Friend In The Middle

Dear Angel,

My best friend of 5 years is engaged to marry her boyfriend of 4 years. She says she loves him dearly and cannot imagine the rest of her life without him. She was my maid of honor at my wedding and she wants me to be in hers too. So I am helping her plan her wedding.
At the same time - she is also with another man anytime she is not with her fiance. They go out on dates, they have sex, they do the sweet sappy love letters and text messages to each other. He even bought her a star for christmas and spent another $300 on her for a spa treatment package. She says that she loves guyB dearly and cannot imagine the rest of her life without him.
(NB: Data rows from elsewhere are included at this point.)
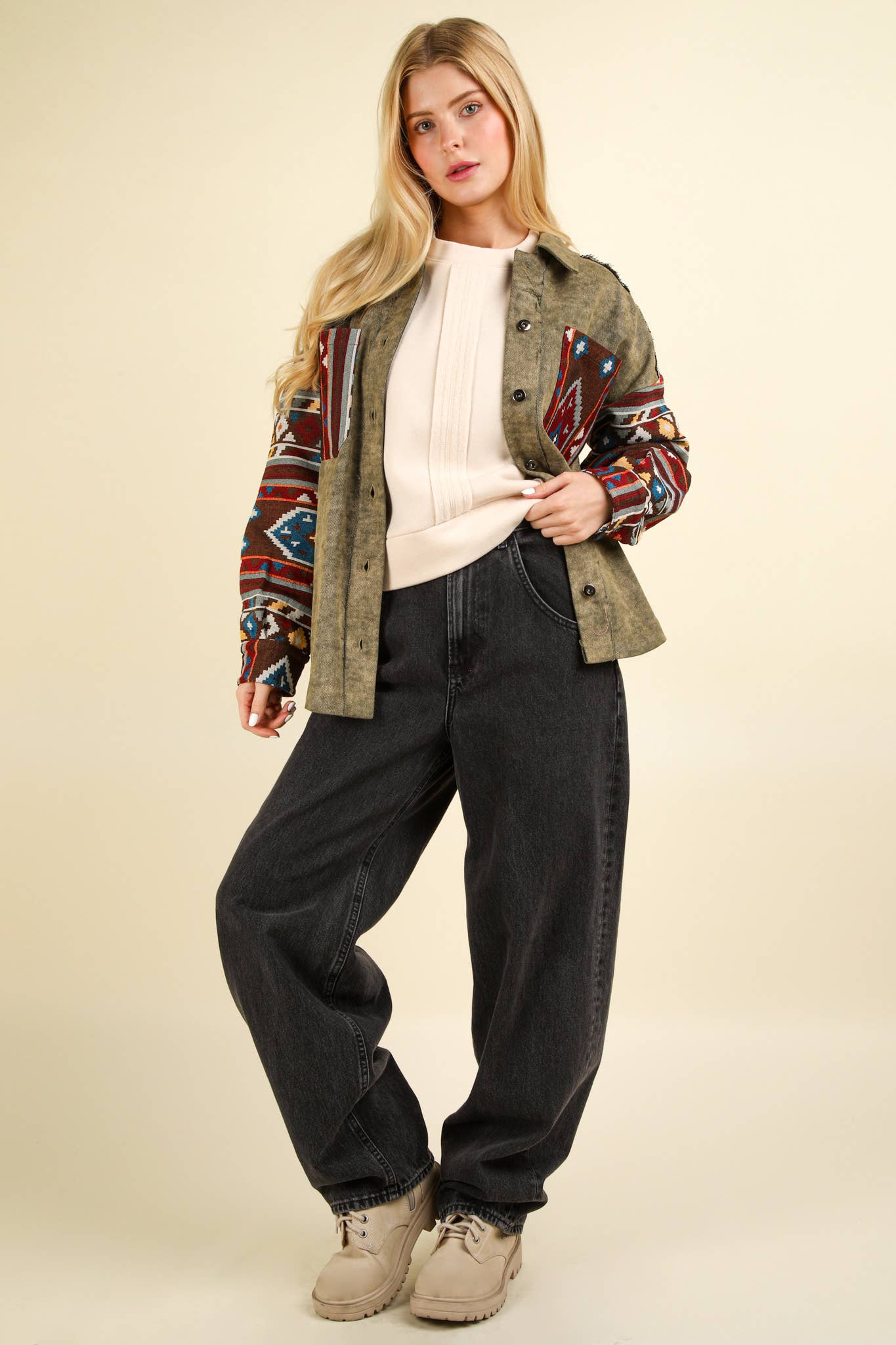 NJ90328-Aztec Graphic Oversized Button Down Shacket Jacket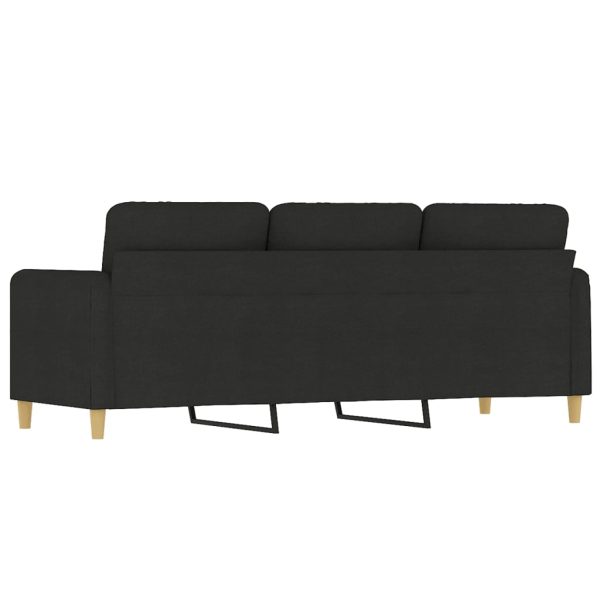 Sofá de 3 lugares tecido 180 cm preto - Image 5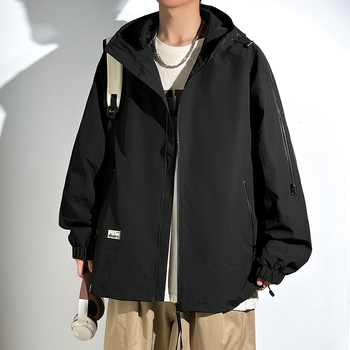 Vīriešu jaka ar kapuci, rāvējslēdzējs, brīvs piegriezums, ziemas sezona, plus izmērs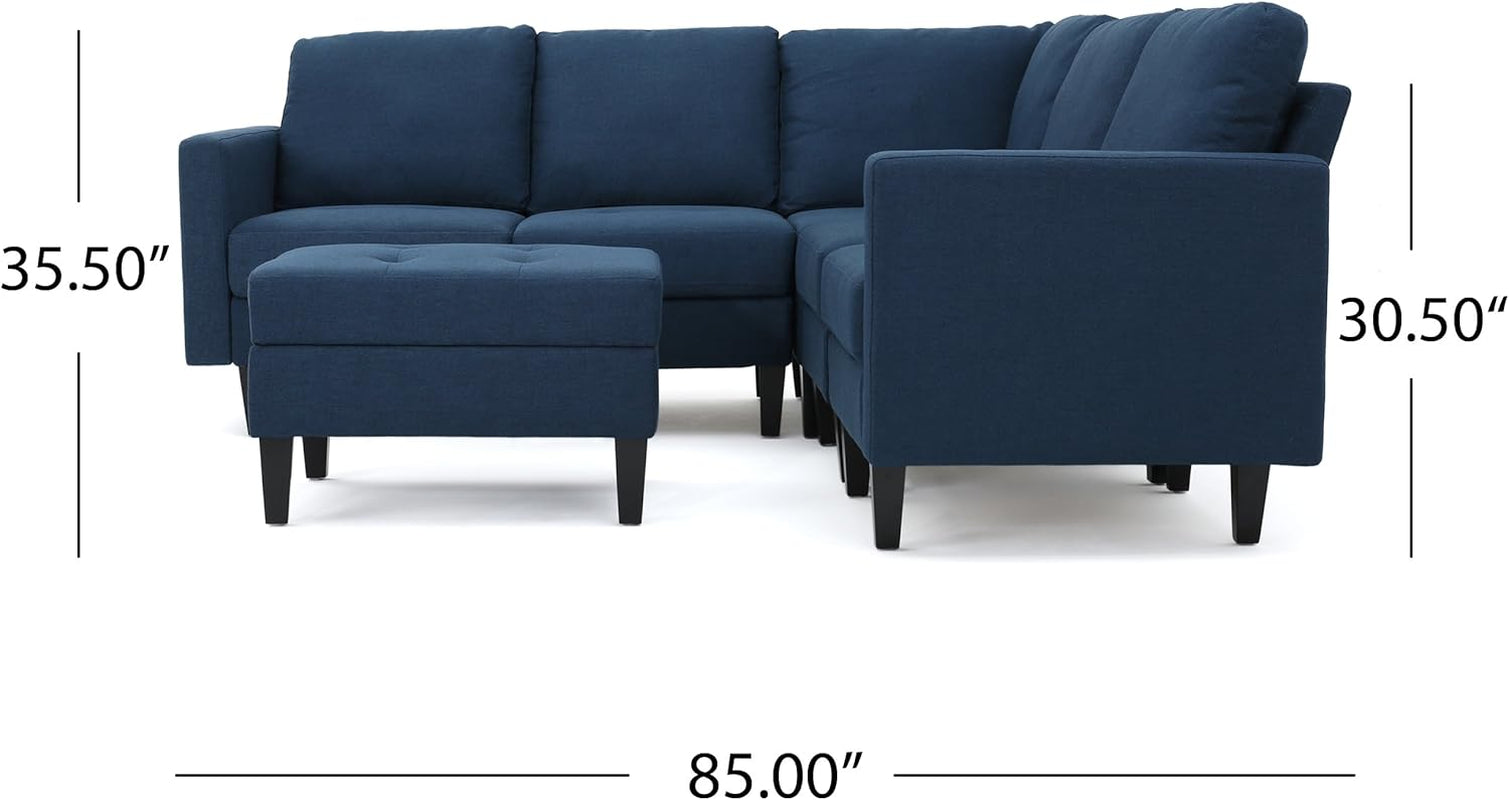 Zahra Fabric Sectional Couch with Ottoman, 6-Pcs Set, Dark Blue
So I am stuck in the middle of helping her plan her wedding with guyA while she is also in love with guyB. She says she wishes she could just have them both and not have to make a decision. She says she knows its wrong but she just can’t stop - “when I’m with guyB I just can’t tell him no”. What is a best friend to do? I can’t tell her anything - she won’t hear it. I tried to tell her that I don’t want to be a part of it anymore - that I can’t sit down with her and help her plan her wedding while she is also telling me about being with this other man. But after telling her that - she doesn’t want to be friends anymore. She says I’m judging her - and abandoning her and that I’m just a fairweather friend. I don’t know what else to do - it breaks my heart to see her do this to herself and to her loved one(s). Should I just chalk this up to a friend lost?

- ExBestFriend

Dear Ex Best Friend,

You are in a tough spot. You did exactly what friends are supposed to do, trying to help when you reconize your friend really needs it. It definately sounds like she really does need it. Don’t write her off yet, though. She is making a couple mistakes with her life right now, and in the end - she will need you.

Watching your friend make these mistakes is going to hurt. I know I have hurt for a friend before, because she wasn’t too smart with her life choices. You can only advise your friend and hope she makes the right choices. If she doesn’t make the right choice, it is going to continue to hurt you. Right now it is up to you to decide weither or not you want to continue the friendship the two of you have had. If you’re tired of all her drama, it might be time to step back. If you’re willing to set aside your feelings to continue being there for her, give it a try. Advise her when she wants your opinion, and be honest. If she doesn’t see why she is wrong, she is going to continue thinking you are against her.

In the end, this is her problem. Not your’s. Don’t let it drag you down. You still need to think of yourself, too. Good luck! I hope that for your friends sake, she can sort out this mess in her life. She really needs to before she does get married.